CRISPR views of embryos and cells (Science Magazine): Work is proceeding on embryos—zebrafish embryos. As reported last year (6/05/15), the CRISPR gene editing technique brings a host of ethical issues in its train as researchers consider ways to apply it to humans.
Three-person embryos may fail to vanquish mutant mitochondria (Nature): Last month, Ewen Callaway reported that a proposed method to use a donor’s genes to fix mitochondrial mutations in a human embryo has backfired. Ethicists had been concerned about the method leading to “designer babies” and a new round of eugenics.
Brain scans reveal hidden consciousness in patients (Medical Xpress). More progress has been made identifying whether patients classified as vegetative actually are conscious and aware. Though unable to respond outwardly, some have hidden signs of awareness that new brain scans are able to detect.

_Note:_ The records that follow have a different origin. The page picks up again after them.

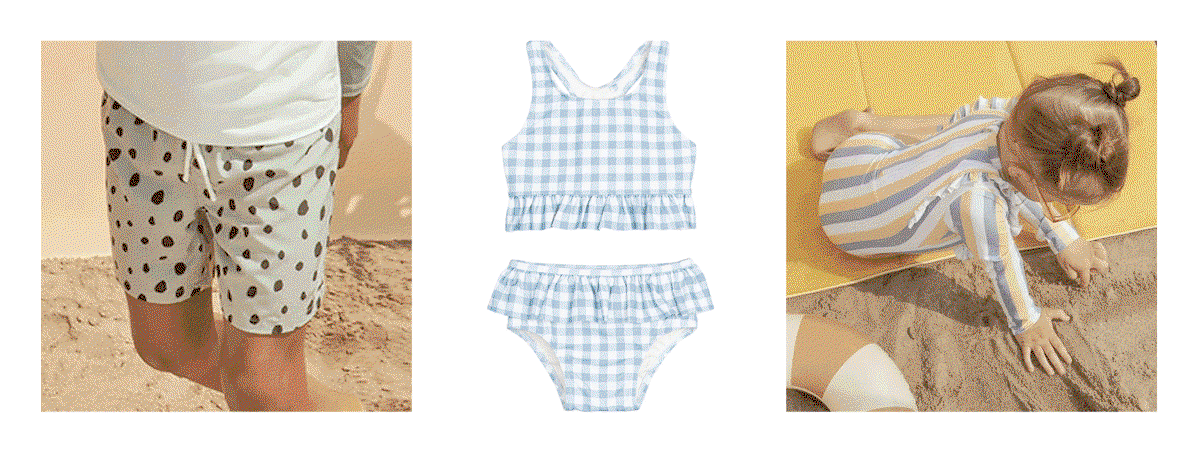 Shop all new Spring Fashions by Miles the Label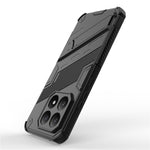 For Xiaomi 15T Case PC + TPU Shockproof Phone Cover with Kickstand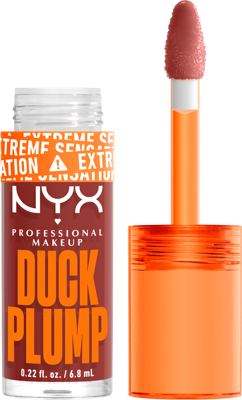 NYX sjajilo za usne Duck Plump 06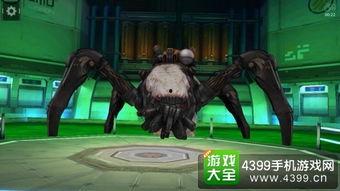 天蛛骑士视频,奇幻冒险之旅的精彩瞬间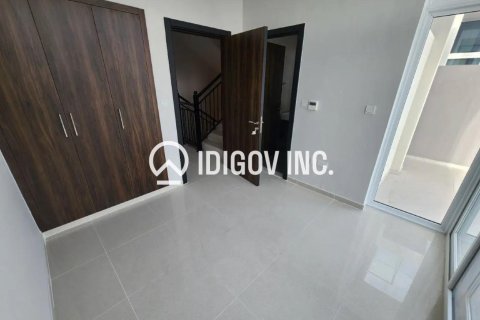 DAMAC Hills (Akoya by DAMAC), Dubai, संयुक्त अरब अमीरात में टाउनहाउस, 5 बेडरूम, 227 वर्ग मीटर, संख्या 680629 - फ़ोटो 5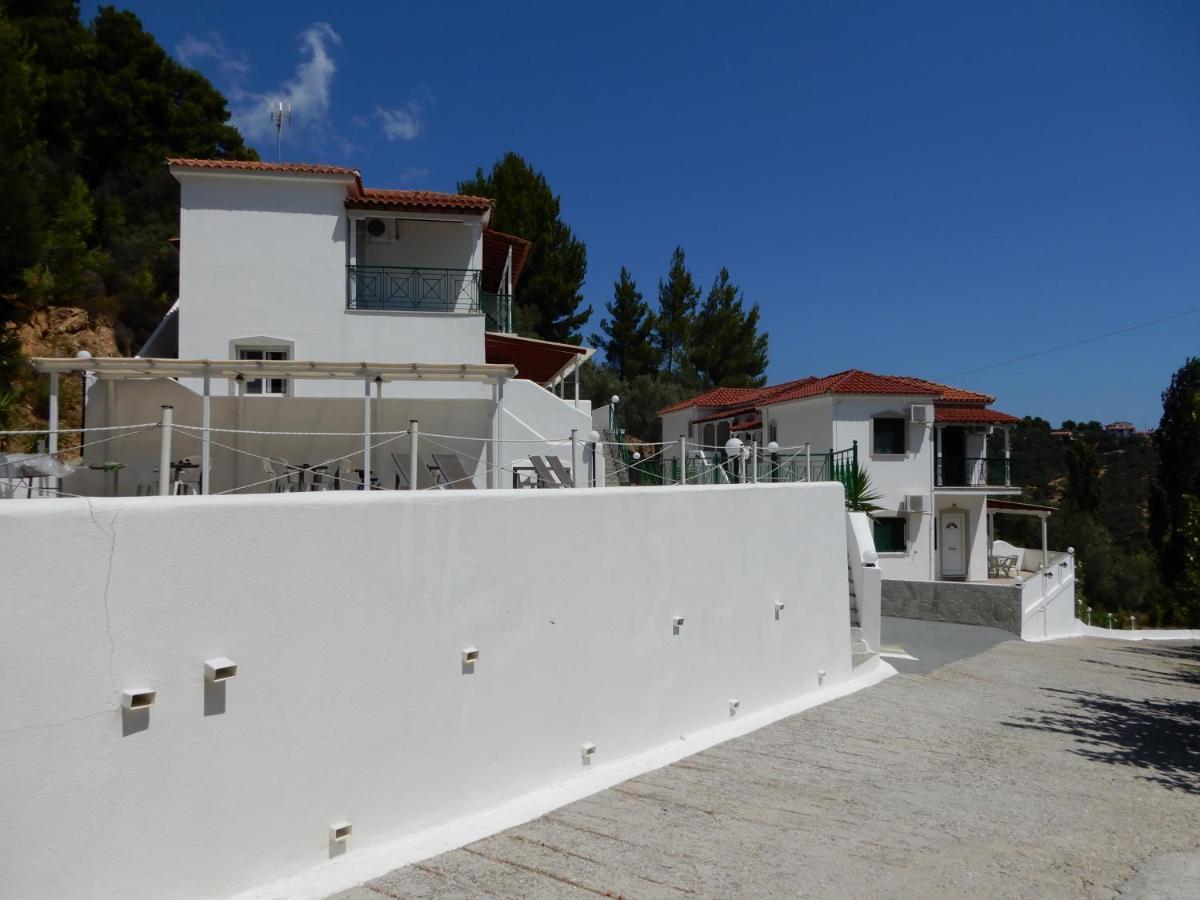 Appartement Teozenia
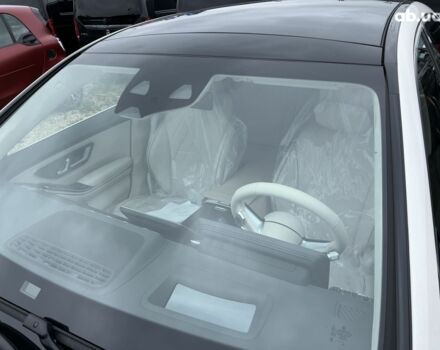 Мерседес С Класс, объемом двигателя 3 л и пробегом 0 тыс. км за 143349 $, фото 28 на Automoto.ua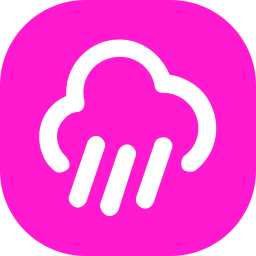 Rain icon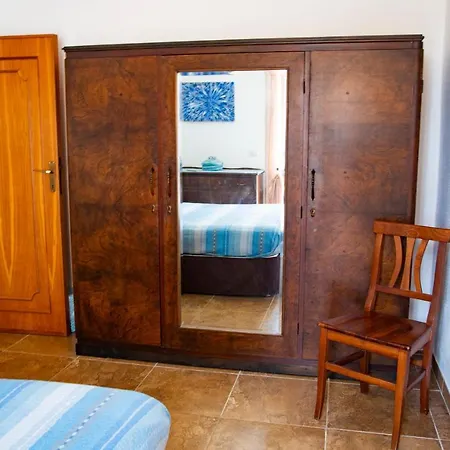 I Vigneti Lantgård *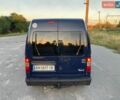 Синій Форд Транзит Коннект, об'ємом двигуна 1.75 л та пробігом 400 тис. км за 3000 $, фото 14 на Automoto.ua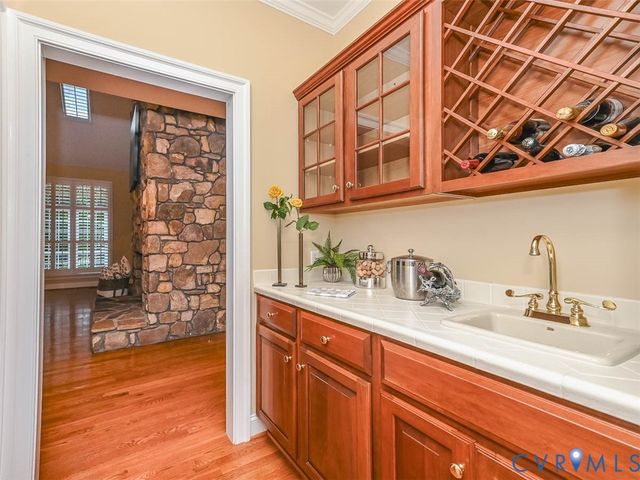 10809 Leabrook Dr, Glen Allen, VA 23059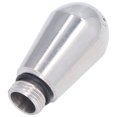 thumbnail image 4 of Buse de Vapeur pour Machine à Café, Buse de Vapeur en Acier Inoxydable 304 pour Machine à Café avec Plusieurs Trous, 4 of 8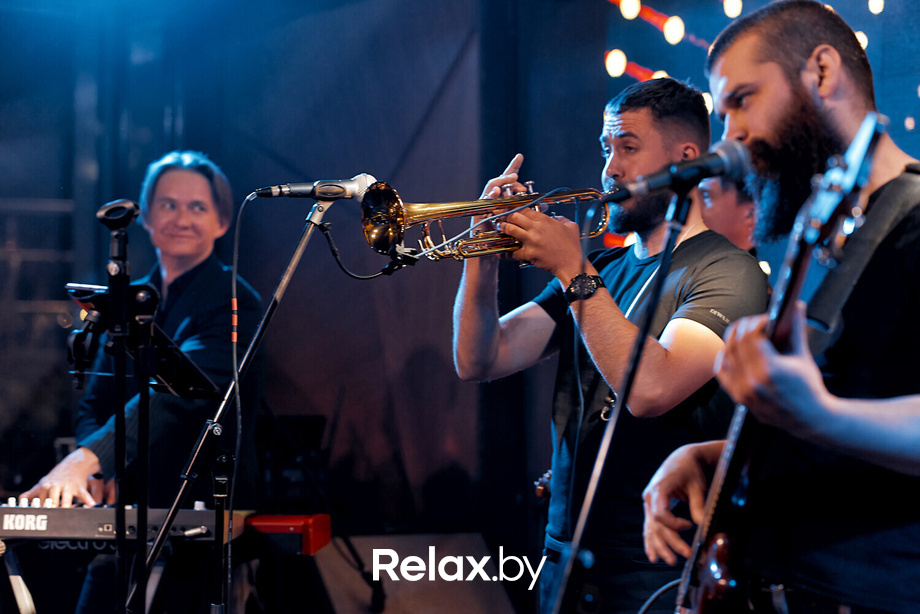 Saturday music, фото № 29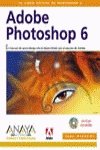 photoshop 6 1st edition adobe systems 844151142x, 978-8441511422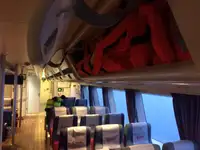 Круизен кораб за продажба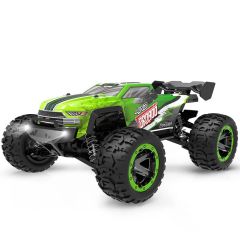 Tonado 1/16 4WD RTR Green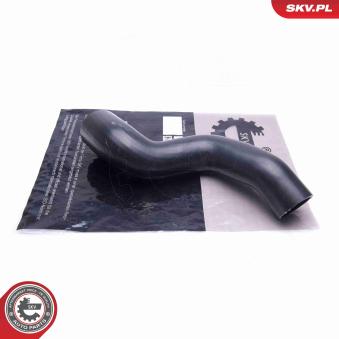 Gaine de suralimentation ESEN SKV 24SKV529 pour AUDI A4 2.7 TDI - 163cv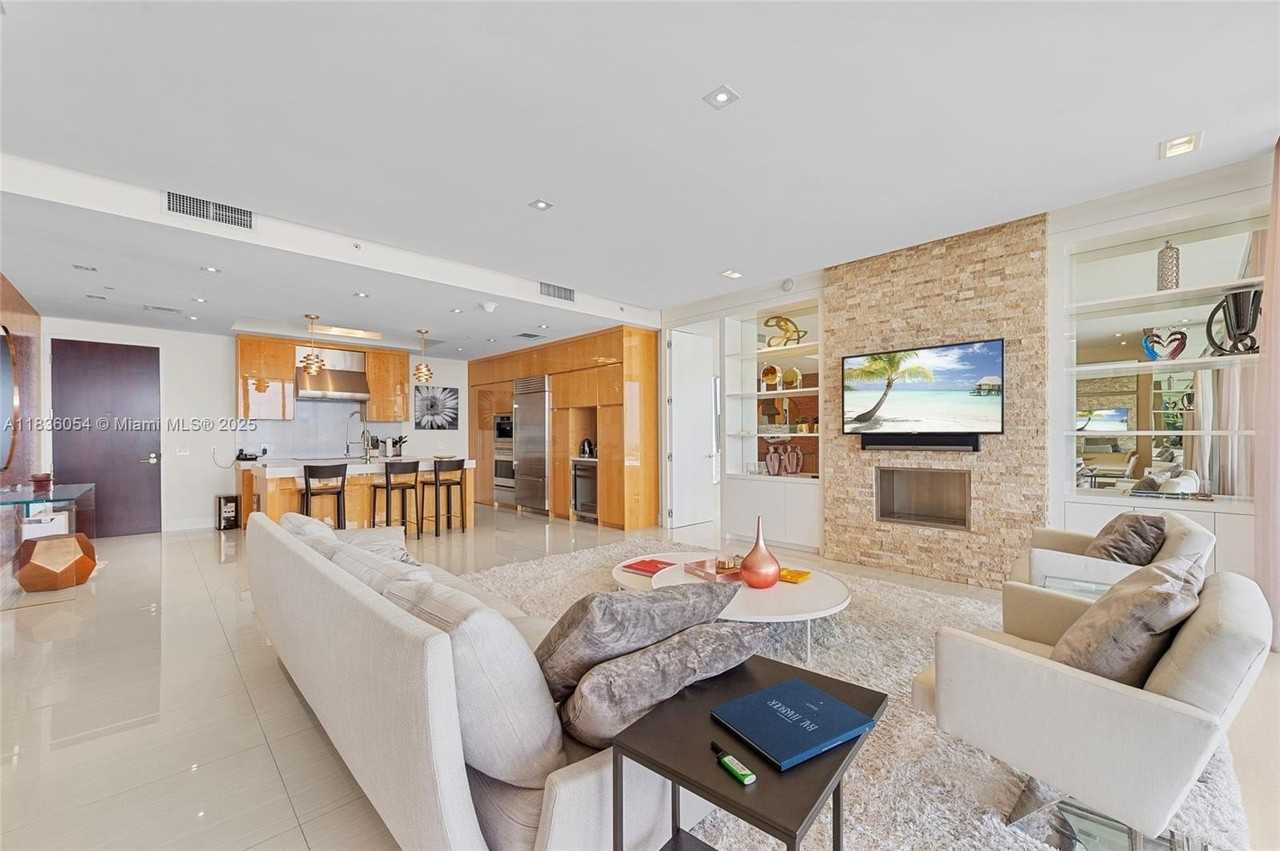 9705 Collins Ave #1905N - Photo 7 of 21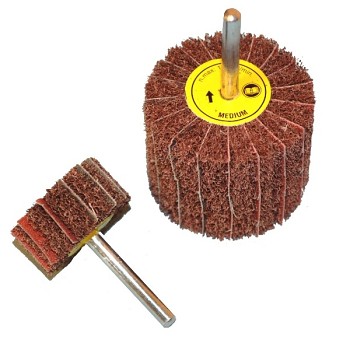 Kotouč lamelový kombinace 60x50-6 P320/Very fine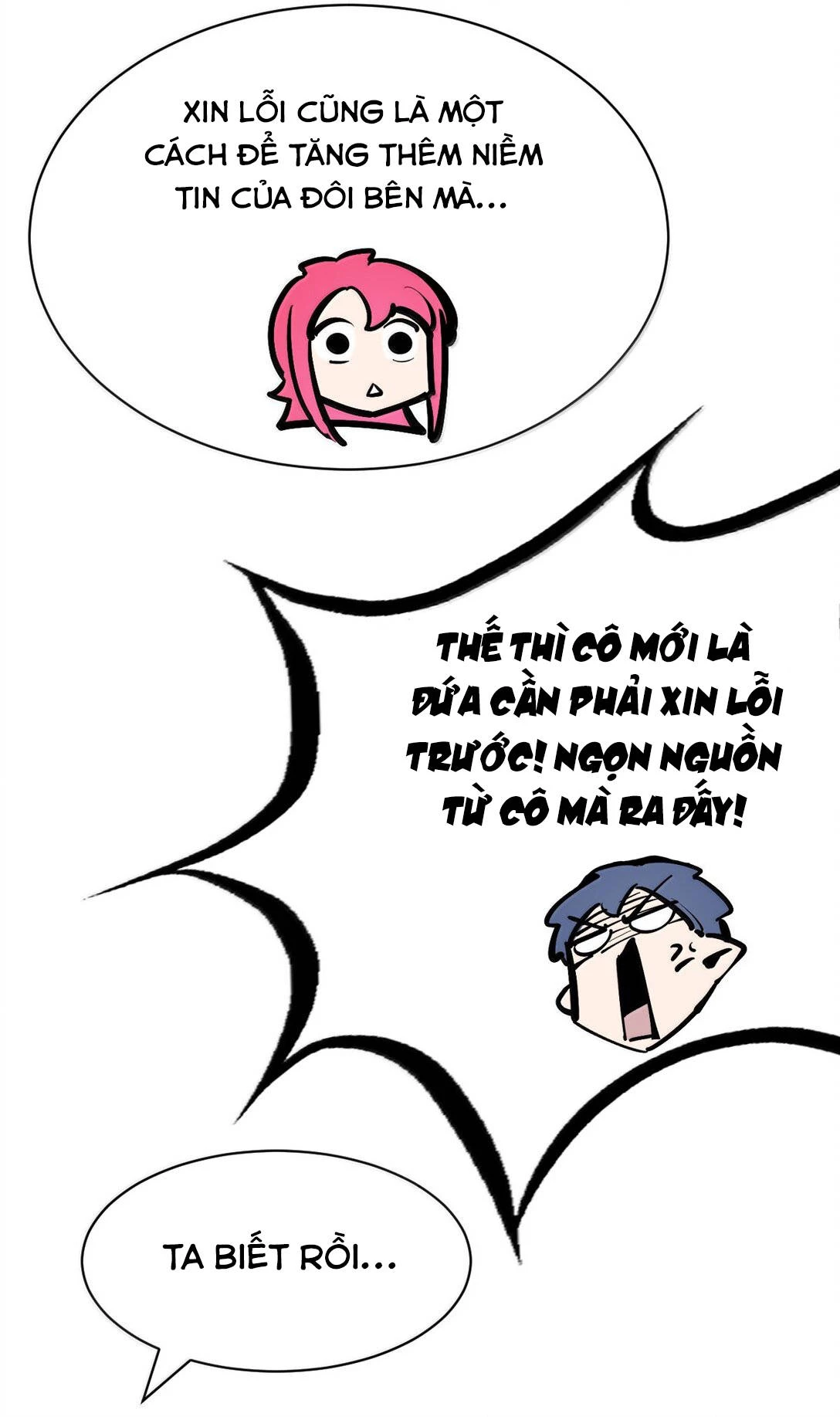 Oan Gia Chung Nhà ! Chapter 117 - Trang 2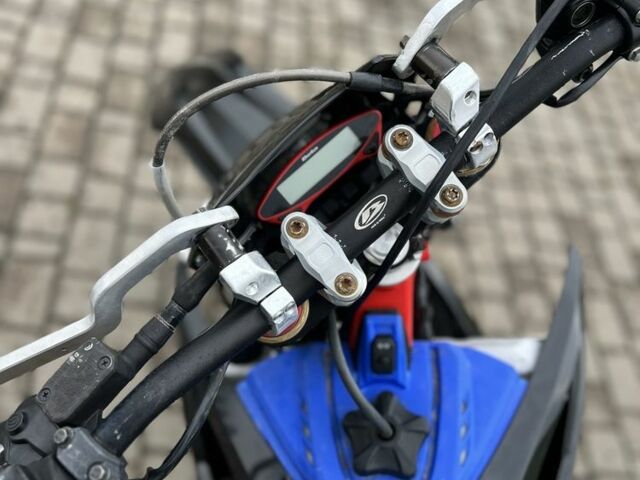 Бета 5312, объемом двигателя 0.3 л и пробегом 0 тыс. км за 5600 $, фото 11 на Automoto.ua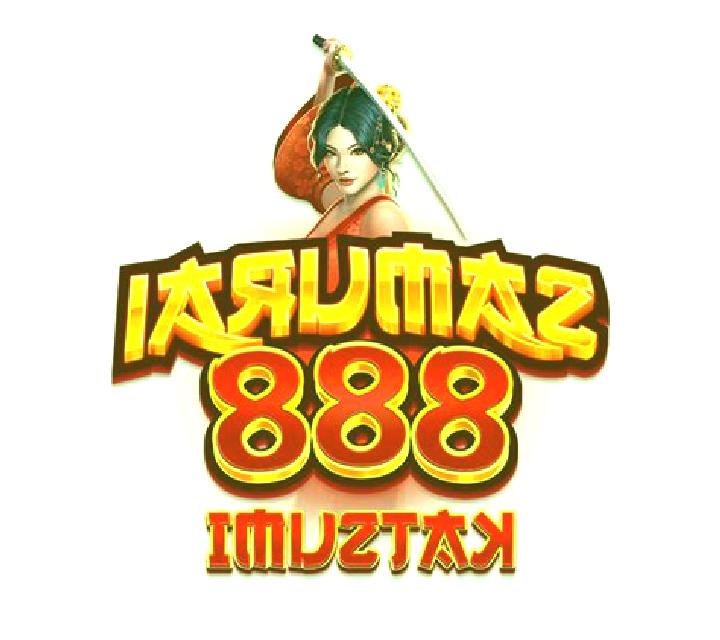 Samurai 888 Katsumi slot game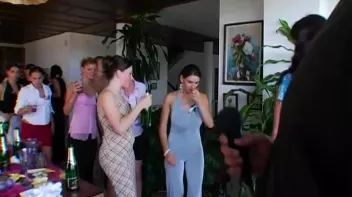 Wedding Celebration Part 2 - Cam 3 Screencap 32 on sinx.preview.netperv.com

Everything that needs doing in medicine can be done without taking another life. It’s immoral to kill someone for the sake of letting another live. Cross that line, and terrible trends can begin. It becomes OK to kill an unborn baby “for the life of the mother” initially. Then, “for the health of the mother.” Health is redefined to include mental health, then depression, or just inconvenience. Result: death of the baby for any reason whatsoever, all the way to the moment of birth. If a human being doesn’t begin at conception, when all the genes for progress to adulthood are together, when does it begin? Well, it begins when the cell divides. Then it begins at the fourth cell division. Then it begins in 14 days. Then that cut-off date becomes inconvenient. On and on it goes. We must not tolerate that first deadly decision.
Exercise: Discuss the ethics of the “human-on-a-chip” project announced by Medical Xpress going on at Lawrence Livermore.